Exercise details: Would you transcribe the records below from the line with "Il Campiello - copertina" to the line with "COVID-19: Commerce ministry’s", ends included, exactly and with nothing more, leaving the pictures out?

Data under study:
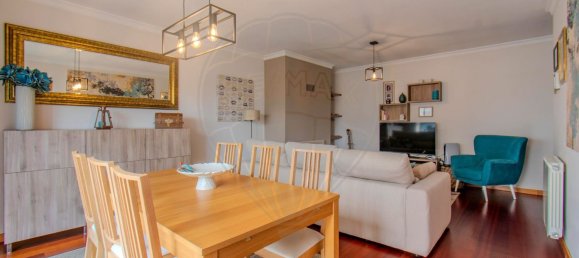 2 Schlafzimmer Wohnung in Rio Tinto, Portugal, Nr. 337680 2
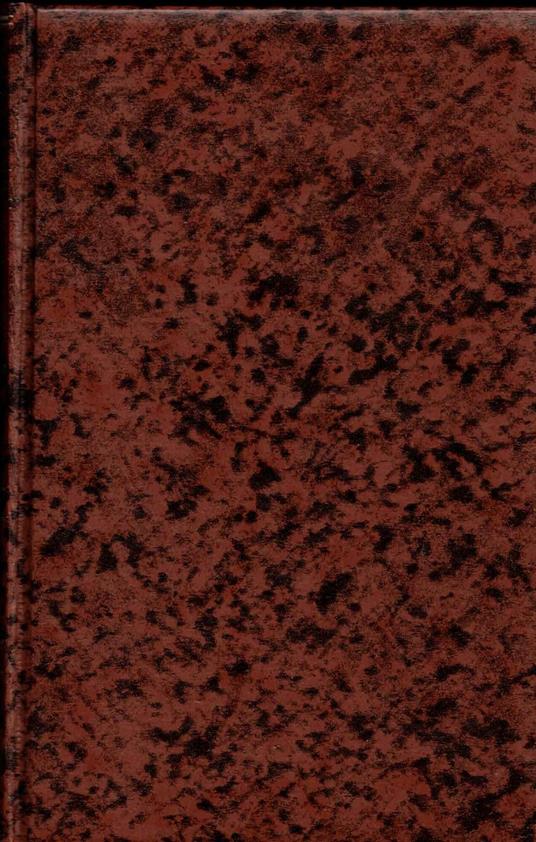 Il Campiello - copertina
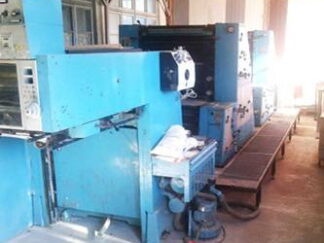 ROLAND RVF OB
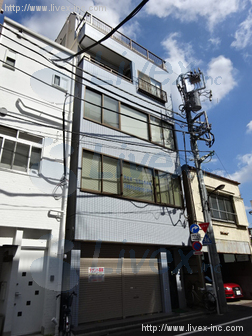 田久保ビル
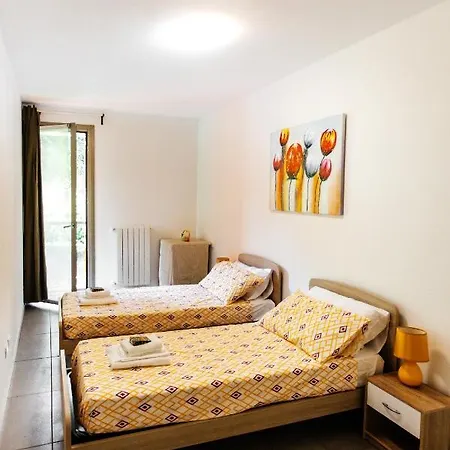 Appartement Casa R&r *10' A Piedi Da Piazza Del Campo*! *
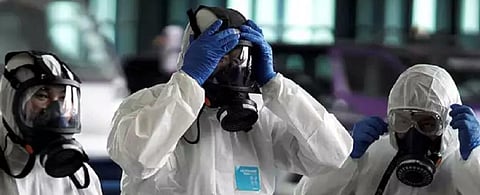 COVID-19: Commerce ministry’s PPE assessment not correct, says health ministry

==

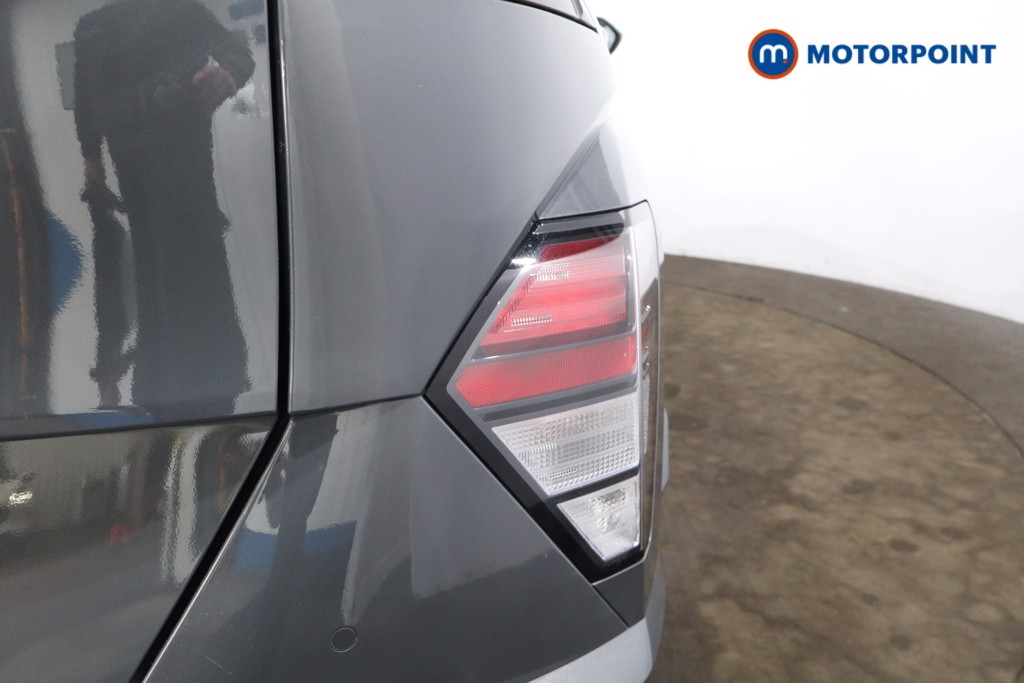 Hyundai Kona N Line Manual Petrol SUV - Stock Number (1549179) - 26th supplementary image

Finished exercise:
 Il Campiello - copertina
 ROLAND RVF OB
 田久保ビル
 Appartement Casa R&r *10' A Piedi Da Piazza Del Campo*! *
 COVID-19: Commerce ministry’s PPE assessment not correct, says health ministry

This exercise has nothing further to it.